Me voilà donc, ayant éprouvé, comme nous tous, le malheur qui résulte d’une profession qui n’en est pas une, et d’une propriété que, selon le mot d’Alphonse Karr, on a toujours négligé de déclarer propriété ; me voilà donc forcé, pendant six mois, de solliciter le visa du ministère de l’intérieur, et, par conséquent, de me mettre en rapport avec ses hôtes.

Il y avait là beaucoup d’anciens, gens d’esprit, que cela amusait fort de faire promener un écrivain non sérieux. M. Véron, dont j’avais fait la connaissance dans un restaurant, me dit un jour :

— Vous vous y prenez mal. Je vais vous donner une lettre pour la censure.

Et il me remit un billet où se trouvaient ces mots : « Je vous recommande un jeune auteur qui travaille dans nos journaux d’opposition constitutionnelle, et qui sollicite de vous un visa, etc. » M. Véron, dans le journal duquel j’ai, en effet, écrit quelques colonnes en l’honneur des grands philosophes du xviiie siècle, ne m’en voudra pas de révéler ce détail, qui lui fait honneur.

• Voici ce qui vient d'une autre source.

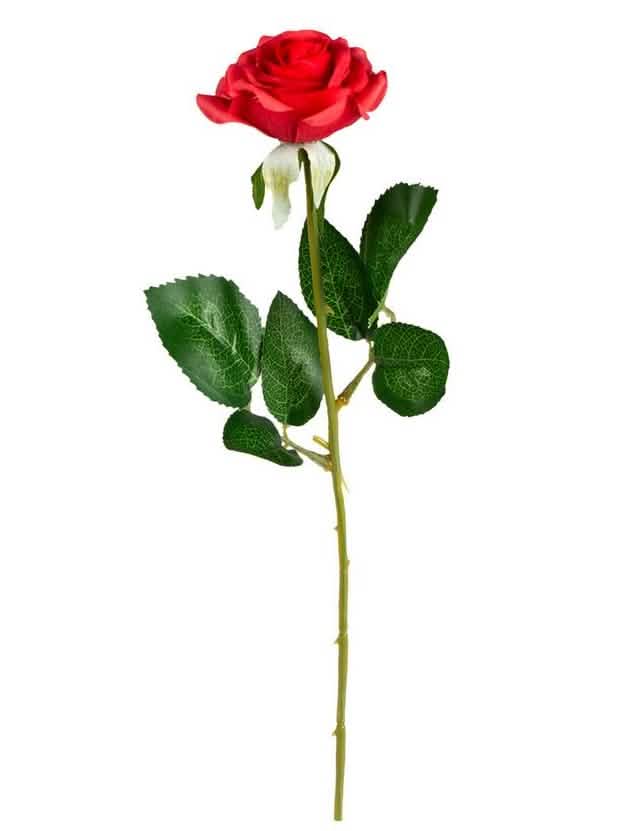 cor de rosa vermelho com caule e folhas verdes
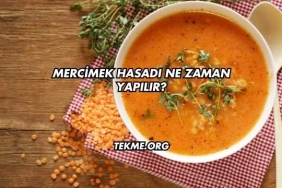 Mercimek Hasadı Ne Zaman Yapılır?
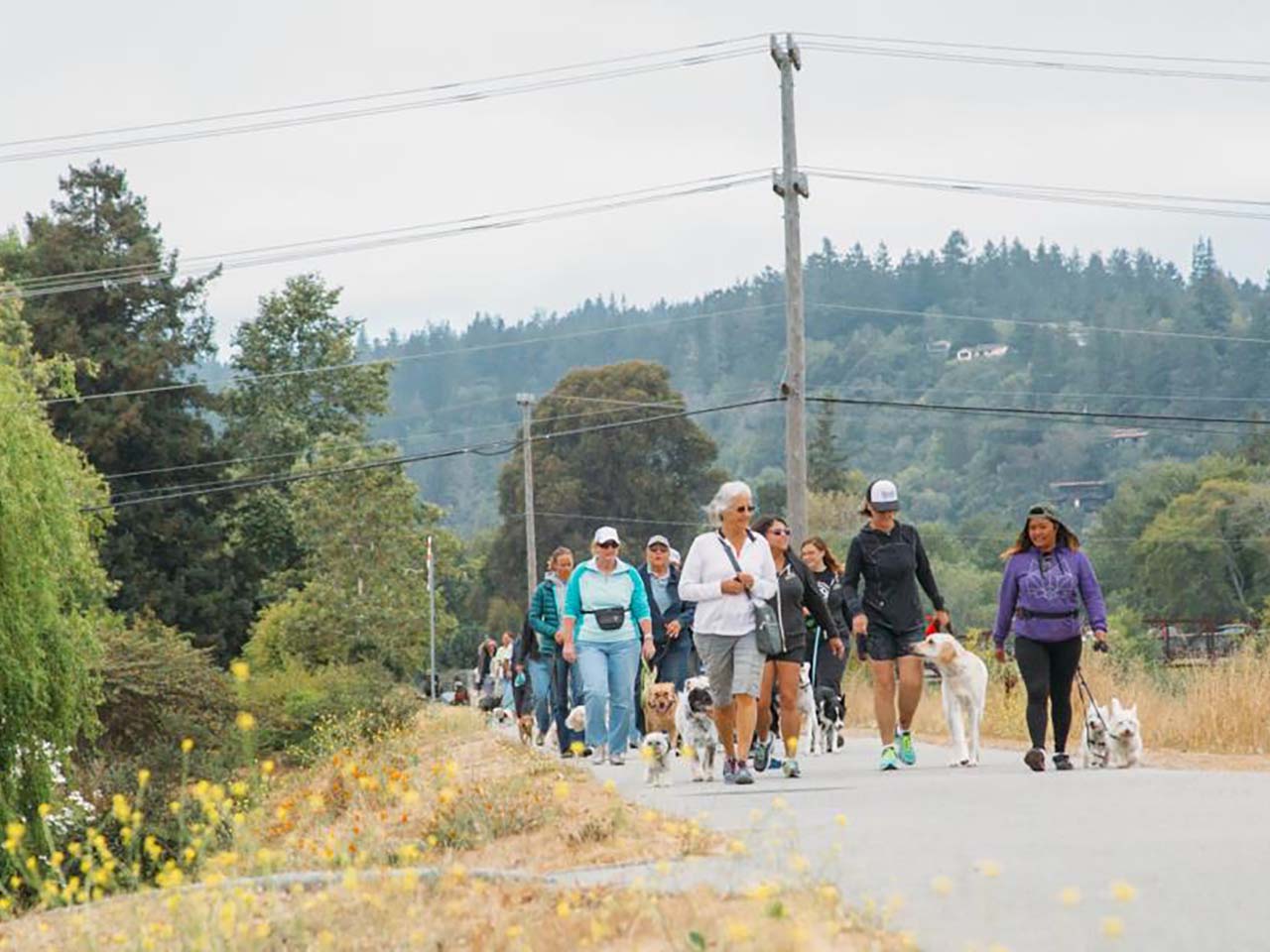 People and dogs on a paved walkway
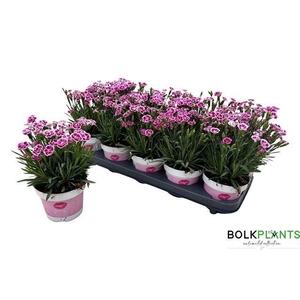 Dianthus  'Pink Kisses'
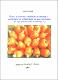 01 - Denise de Carvalho P Campos - D 2001.pdf.jpg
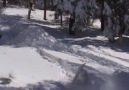 Holiday Ski Fails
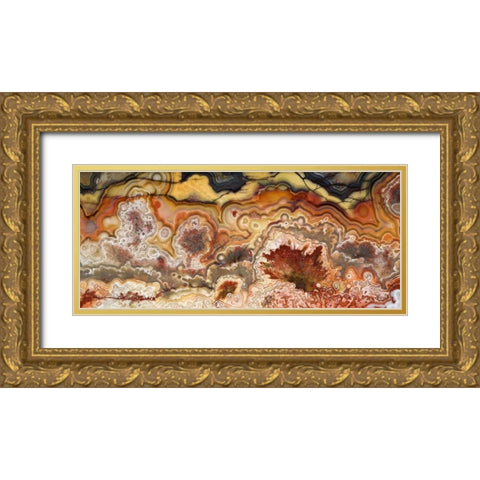 Mexico Close-up of Crazy Lace Agate stone Gold Ornate Wood Framed Art Print with Double Matting by Kirkland, Dennis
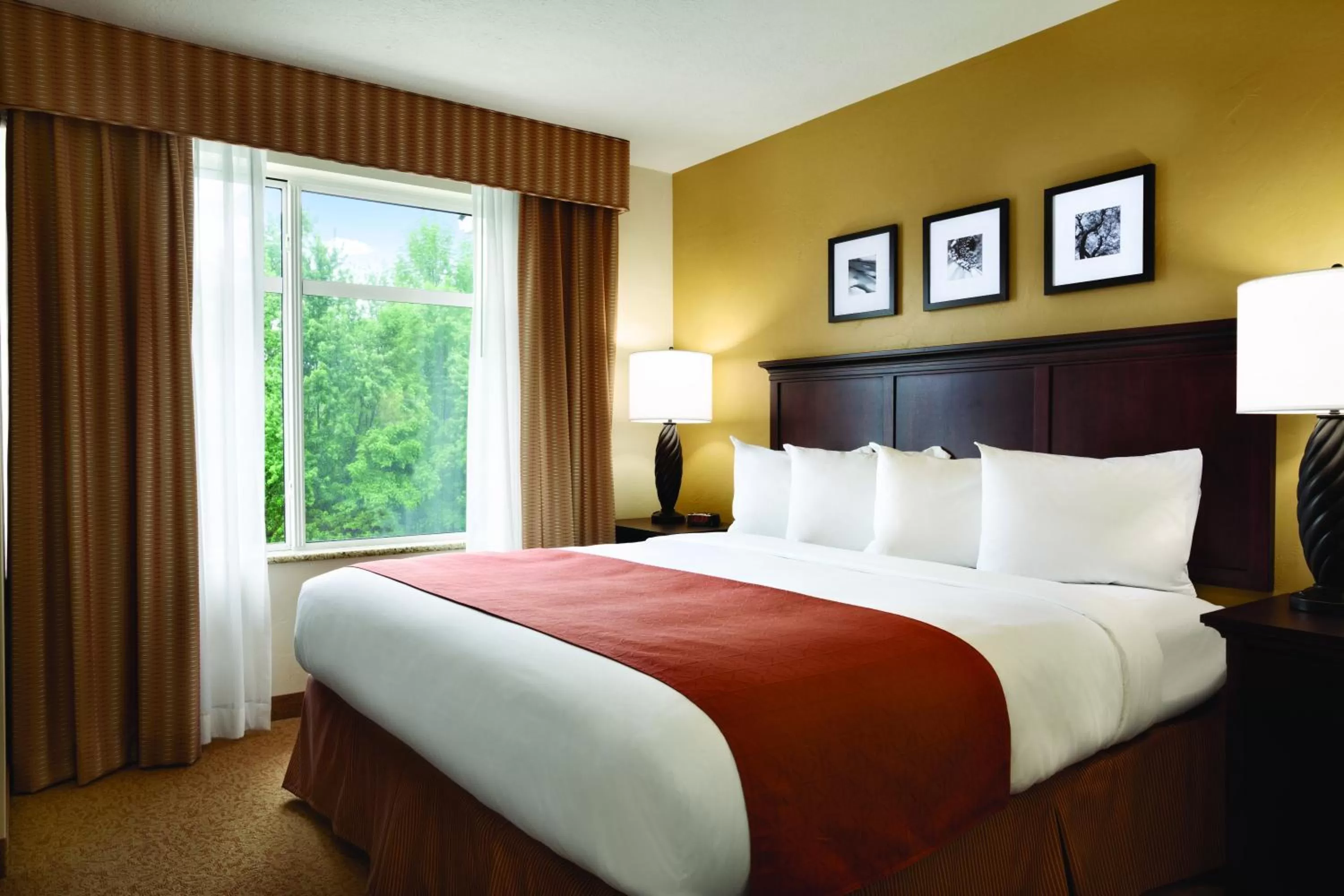King Room with Roll-In Shower - Disability Access in Spark by Hilton California Lexington Park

De ce jour, toutes les portes s’ouvrirent pour moi, et l’on voulut bien me dire le motif qu’on avait pour arrêter ma pièce et pour me priver, pendant tout un rude hiver, de son produit.

On en jugeait le spectacle dangereux, à cause surtout d’un quatrième acte qui représentait avec trop de réalité, et sous des couleurs trop purement historiques, le tableau d’une vente de charbonnerie. On m’eût loué de rendre les conspirateurs ridicules ; on ne voulait pas supporter l’équitable point de vue que m’avait donné l’étude de Shakspeare et de Gœthe, — si faible que pût être mon imitation.

La pièce, il est vrai, concluait contre l’assassinat politique, mais en montrant l’impossibilité, pour un homme de cœur, de soutenir les idées arriérées d’une cour.